"No time to catch up yet, but you are using your 2 alternatives to explain why you are religious."
No, I am using my two alternatives to explain why atheists do not have the monopoly on - or even a command of - logical and rational thought.
This has been proved over and over again by the complete and utter failure to understand that there either is, or is not, something eternal. We get statements like 'we don't know if there's something else' (like what, for the millionth time) and 'I'm not interested' (really? you haven't thought about it? so why are you here arguing for atheism, when you know that a central core of religious belief lies in the origins of life and consciousness?)
They do not engender respect in the atheist stance.
This argument, of the basic duality, is not an ingenious argument but it is entirely valid. If you want respect for the atheist stance as a rational, logical stance, you need to challenge it with more than 'obviously flawed', 'untrue' or 'but that doesn't prove the existence of God'.
As to the latter - no one says it does. I have never said it does. But it shows the logical likelihood of eternality, which is a question that should trouble atheists - or even simply interest them - if they want to argue their case. And I do assume that's why most people would be on a thread like this.

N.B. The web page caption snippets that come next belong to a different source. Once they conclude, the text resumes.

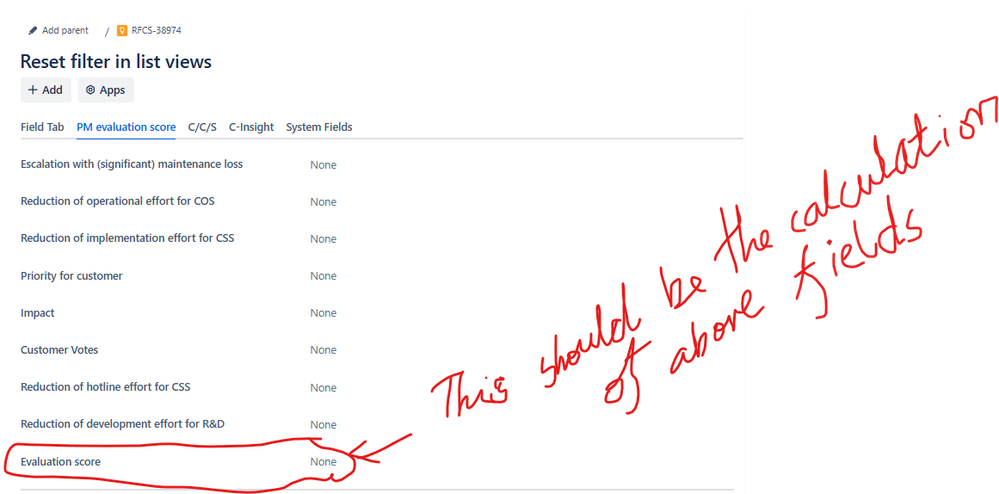 Screenshot 2025-06-12 125439.png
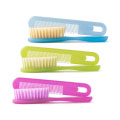 Nursing,&nbsp;B�b� Confort&nbsp;brush and comb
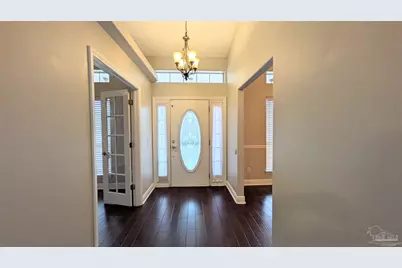 3284 Pitcher Plant Cir, Pensacola, FL 32506 - Photo 5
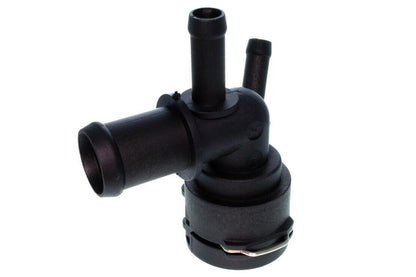 VAICO Engine Coolant Hose Flange V10-3538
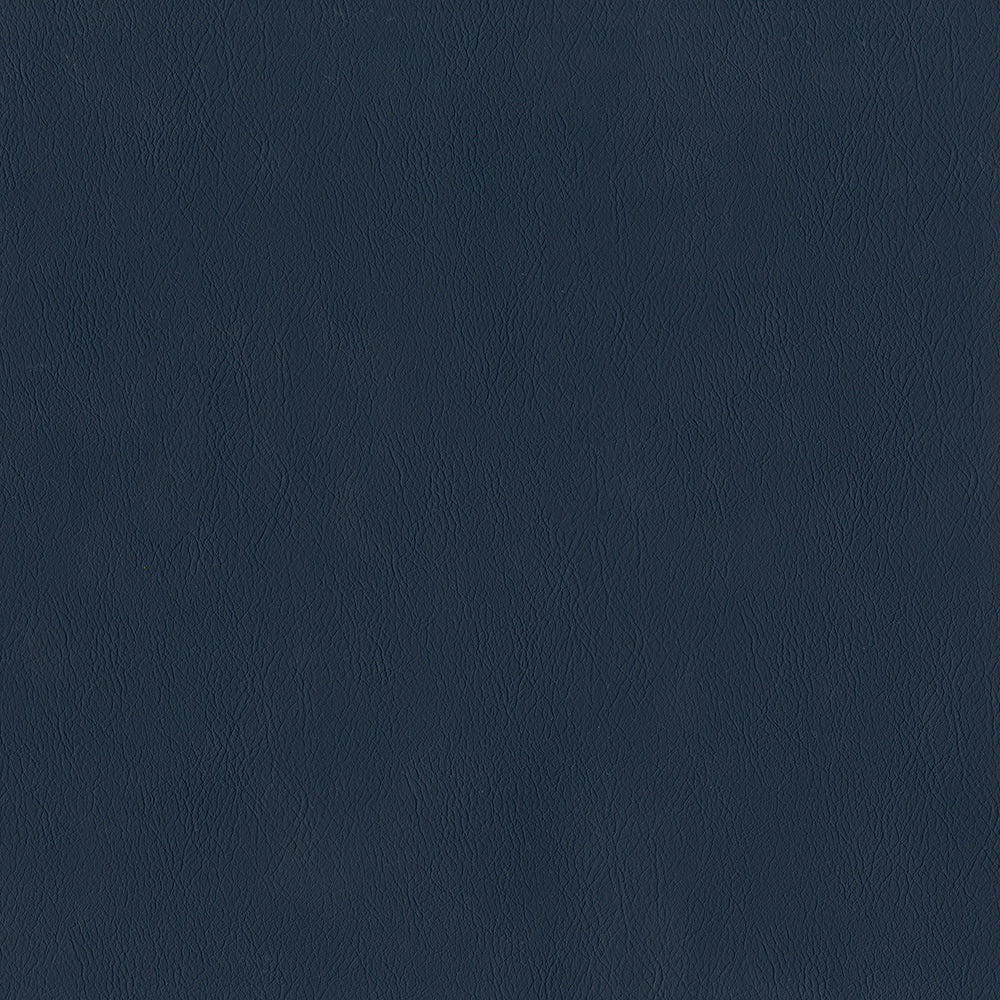 Sentinel Ink by Magnolia Designer Fabric Required Minimum Quantity Purchase: 2 yards Content: 100% PVC Origin: CHINA Performance: 1,500,000 WB Repeat: Horizontal: 0 and Vertical: 0 Width: 55" Uses: Contract, Upholstery
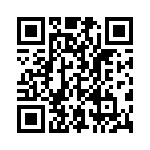 NSVR0620P2T5G QRCode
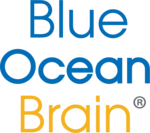Logo Blue Ocean Brain LMS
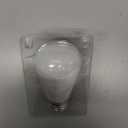 Aqara Thread/Zigbee Smart LED Light Bulb T2 E26, Tunable White (2000K-9000K), RGB Color Changing Light Bulb with 16 Million Colors, 75W Equivalent, Matter, Works with HomeKit, Alexa, Google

"You need to admit - at least to yourself - that the one doesn't support the other"
this makes no sense at all
"and that you that were just wildly guessing when you decided the biblical god was real."
for the removal of all doubt, I will repeat what I said earlier. I don't guess - I choose. The existence of something coming from nothing is just as impossible as the existence of God. I've gone with something eternal. And out of all the myriad choices that opens up to me, I've gone with God. That's my choice. It's not an automatic consequence of believing that something is eternal. Therein lies the joy - for me - the fact that I don't have to, and I have. It's is most definitely not an argument for someone else believing in God.
Quite frankly, if you can be argued into believing in the existence of God, there's little point.